Mas o amor a Deus não vale por si, completa-se no amor aos irmãos. O nosso sentimento mais nobre, mais sublime que é a resposta a um apelo fundamental da nossa vida a quem chamamos Deus, concretiza-se na nossa relação quotidiana com aqueles com quem vivemos, com quem nos cruzamos: “Amarás o teu próximo como a ti mesmo.”
Padre António Martins in “Homilia do XXXI Domingo do Tempo Comum (04.11.18)”
Segunda-feira
Agora, aqui e hoje
«O meu passado já não me preocupa: pertence à misericórdia divina. O meu futuro também não me preocupa: pertence à providência divina. O que me preocupa é o agora, aqui e hoje: ele pertence à graça divina e ao empenho da minha boa vontade.» Estas palavras de S. Francisco de Sales (1567-1622), também conhecido pela sua fina produção literária espiritual, podem adaptar-se a estes últimos dias de um ano que está a declinar.
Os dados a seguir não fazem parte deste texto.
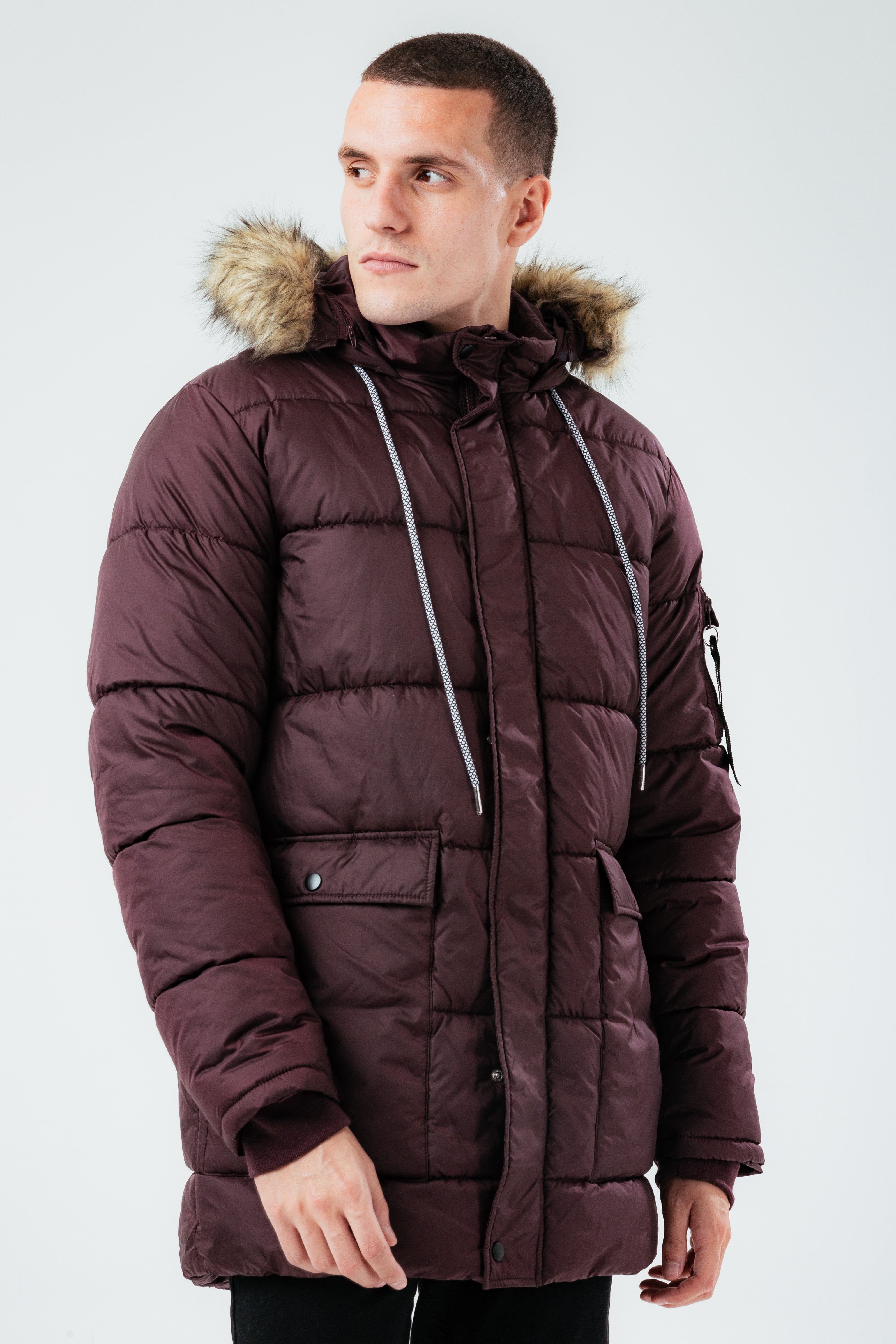 hype burgundy men’s explorer jacket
Elaborar balanços finais ou projetivos de uma empresa pode ser fácil; mais desafiador é fazer o relatório de uma vida com os seus esplendores e as suas misérias, com o bem e o mal, com o significado ou com o vazio de uma existência.
Francisco de Sales articula o seu balanço na tríplice dimensão do tempo e coloca-o sob a alçada do julgamento divino. O passado e o futuro são vistos com grande serenidade: o primeiro é confiado à misericórdia de Deus, até porque já não pode ser mudado; o segundo está somente nas mãos de Deus, que também é pai e não quer que o filho seja abandonado ou arruinado.
O único aspeto do tempo que é arriscado é o presente porque está a ser construído «agora, aqui e hoje» e é o único que plenamente nos pertence. Depende da nossa liberdade torná-lo ofensivo e deflagrador ou frutífero e produtivo. Mas S. Francisco sabe que também o presente, embora intrinsecamente ligado a nós, não está privado da presença divina. A graça, com efeito, sustenta a nossa liberdade e basta esticarmos a mão para que Deus esteja pronto a agarrá-la e a guiar-nos ao longo do caminho da vida, dia após dia, passo após passo.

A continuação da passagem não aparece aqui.